▶ **WHAT THIS TASK INVOLVES**
All pictures are to be excluded when the data below is output verbatim.

▶ **AVAILABLE DATA**

━━━━━━━━━━━━━━━━━━━━

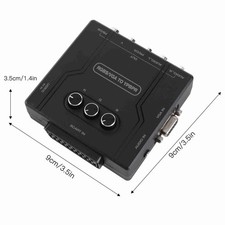 RGBS VGA SCART To YPBPR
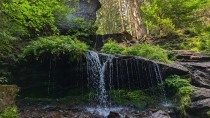 Cascada Varsag din judetul Harghita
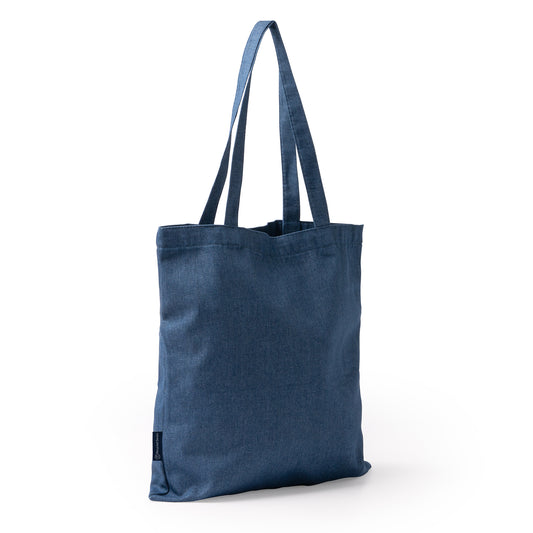 Bolsa de tela vaquera personalizada con nombre bordado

━━━━━━━━━━━━━━━━━━━━

▶ **TASK ANSWER**
 RGBS VGA SCART To YPBPR
 Cascada Varsag din judetul Harghita
 Bolsa de tela vaquera personalizada con nombre bordado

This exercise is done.